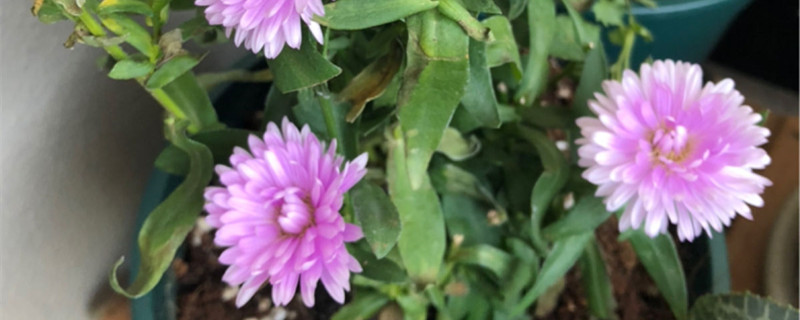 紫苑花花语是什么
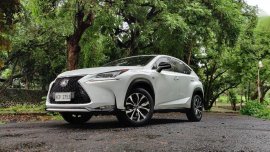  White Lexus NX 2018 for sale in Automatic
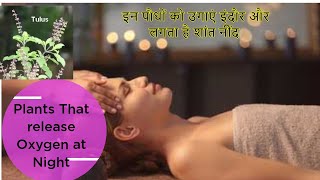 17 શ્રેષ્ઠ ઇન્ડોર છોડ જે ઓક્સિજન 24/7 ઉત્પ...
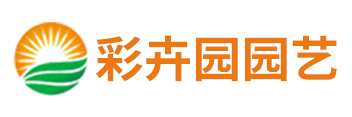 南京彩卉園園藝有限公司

* **What the exercise asks**
Where the line containing "White Lexus NX 2018 for sale in Automatic" appears, begin writing out the lines word for word, and continue through the last line of the data, leaving out pictures.

* **Your response**
  White Lexus NX 2018 for sale in Automatic
 17 શ્રેષ્ઠ ઇન્ડોર છોડ જે ઓક્સિજન 24/7 ઉત્પ...
 南京彩卉園園藝有限公司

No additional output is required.